Problem : Function Composition | #2629 | LeetCode
Given an array of functions [f1, f2, f3, ..., fn], return a new function fn that is the function composition of the array of functions.
The function composition of [f(x), g(x), h(x)] is fn(x) = f(g(h(x))).
The function composition of an empty list of functions is the identity function f(x) = x.
You may assume each function in the array accepts one integer as input and returns one integer as output.
Example 1:
Input: functions = [x => x + 1, x => x * x, x => 2 * x], x = 4
Output: 65
Explanation:
Evaluating from right to left ...
Starting with x = 4.
2 * (4) = 8
(8) * (8) = 64
(64) + 1 = 65
Example 2:
Input: functions = [x => 10 * x, x => 10 * x, x => 10 * x], x = 1
Output: 1000
Explanation:
Evaluating from right to left ...
10 * (1) = 10
10 * (10) = 100
10 * (100) = 1000
Example 3:
Input: functions = [], x = 42
Output: 42
Explanation:
The composition of zero functions is the identity function
Solution:
/**
* @param {Function[]} functions
* @return {Function}
*/
var compose = function (functions) {
return function (x) {
if (functions.length === 0) {
return x;
} else {
let result = x;
for (let i = functions.length - 1; i >= 0; i--) {
result = functions[i](result);
}
return result;
}
}
};
/**
* const fn = compose([x => x + 1, x => 2 * x])
* fn(4) // 9
*/
Explanation:
Let's break down the code step by step:
1. The code defines a function called `compose` which takes one parameter, `functions`. It's intended to create a new function by composing an array of functions together.
2. Inside the `compose` function, a new function is returned. This returned function takes one parameter, `x`, which is the input value to be processed by the composed functions.
3. The function checks if the `functions` array is empty by examining its length using `functions.length === 0`. If it's empty, it simply returns the input value `x` because there are no functions to apply.
4. If the `functions` array is not empty, the code initialises a variable `result` with the value of `x`. This variable will be used to accumulate the result of applying the composite functions.

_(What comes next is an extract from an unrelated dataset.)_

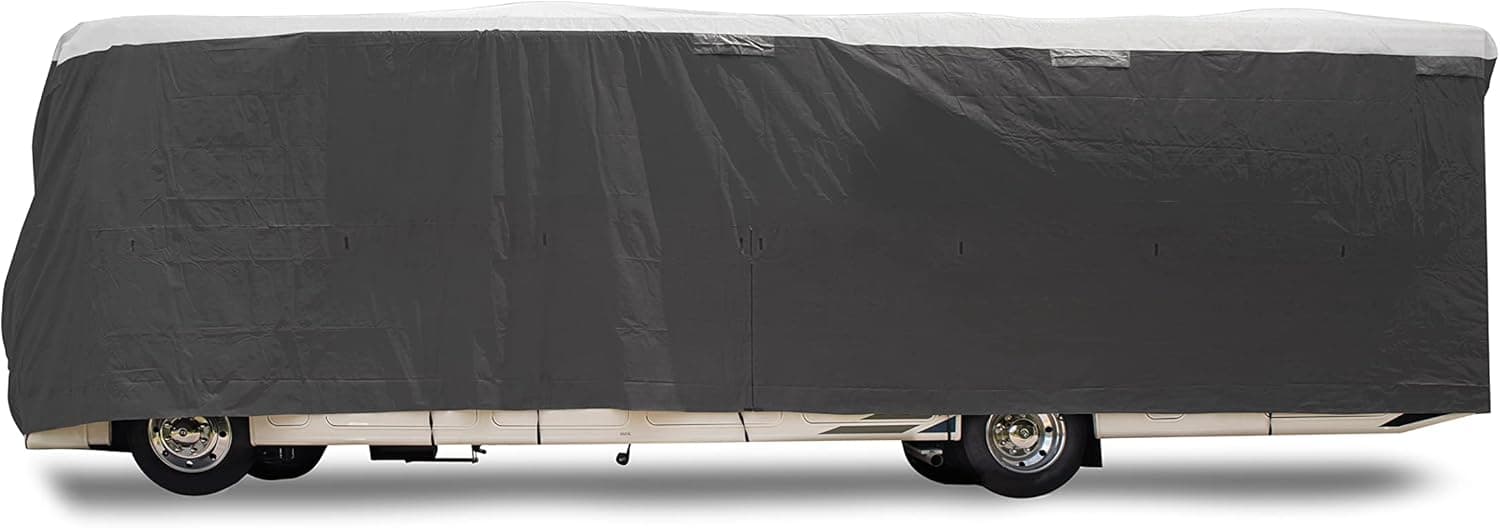 Camco ULTRAGuard 36-38-Ft Class A RV Cover with Zipper Entry Doors and Covered Air Vents, Spunbond Polypropylene, Includes Storage Bag (45735)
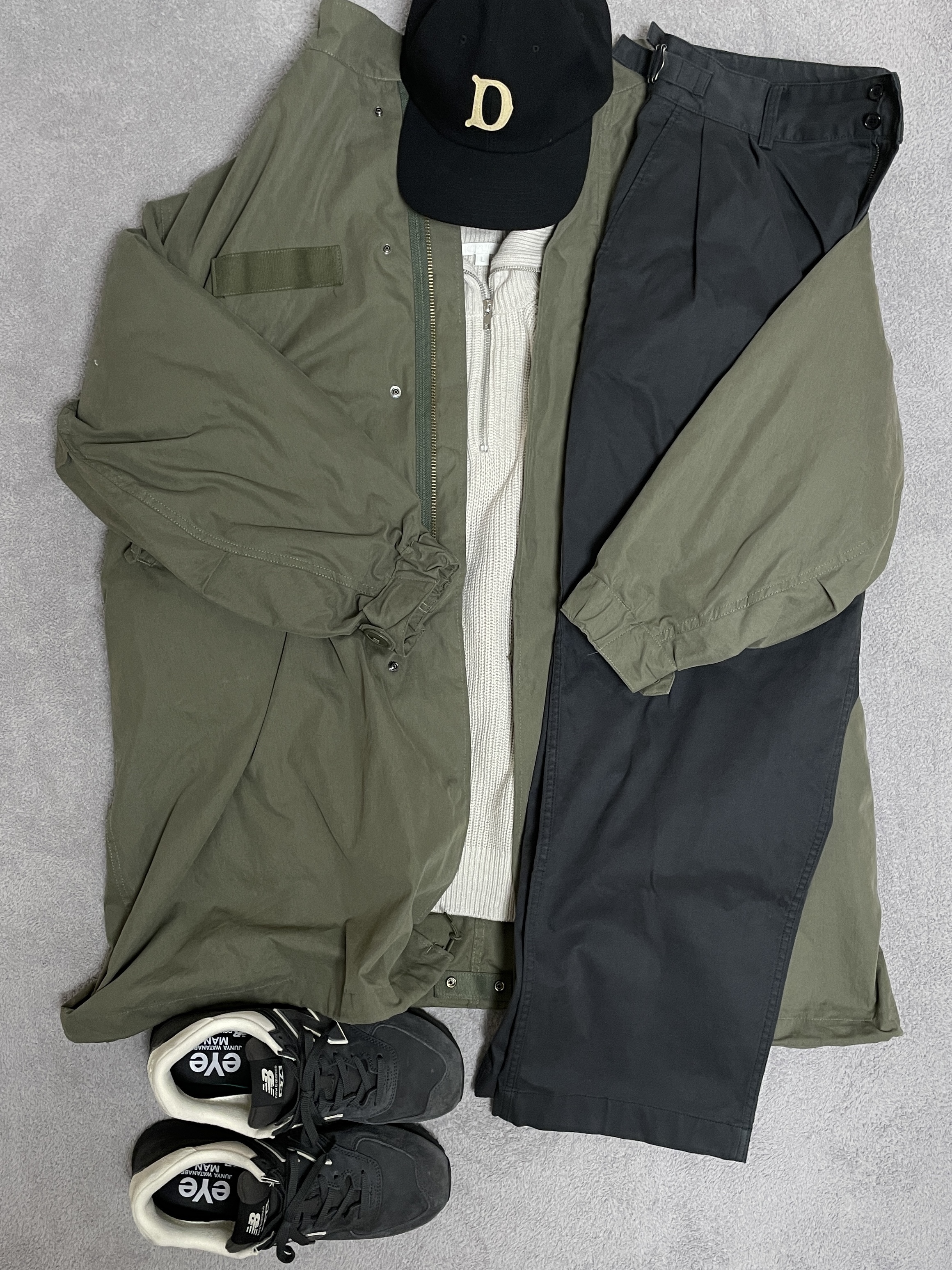 New Balance x Comme des Garcons Junya Watanabe Man 574 Suede Grey Off White 착용 스타일 - 6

5. It then enters a `for` loop that iterates through the `functions` array in reverse order, starting from the last function in the array and moving towards the first.
6. Inside the loop, each function in the `functions` array is applied to the `result`, and the updated value is stored back in the `result` variable. This effectively composes the functions in reverse order, with the last function being applied first.
7. After the loop has processed all the functions, the final `result` value represents the output of applying the composite functions to the input `x`.
8. The final `result` value is returned as the result of the function created by `compose`.
In summary, the `compose` function takes an array of functions and returns a new function that applies these functions to an input value `x`, composing them in reverse order. This allows you to create a single function that combines multiple functions to process input data. In the example provided, `compose` is used to create a new function `fn` that applies two functions: `x => x + 1` and `x => 2 * x`, resulting in the output `9` when `fn(4)` is called.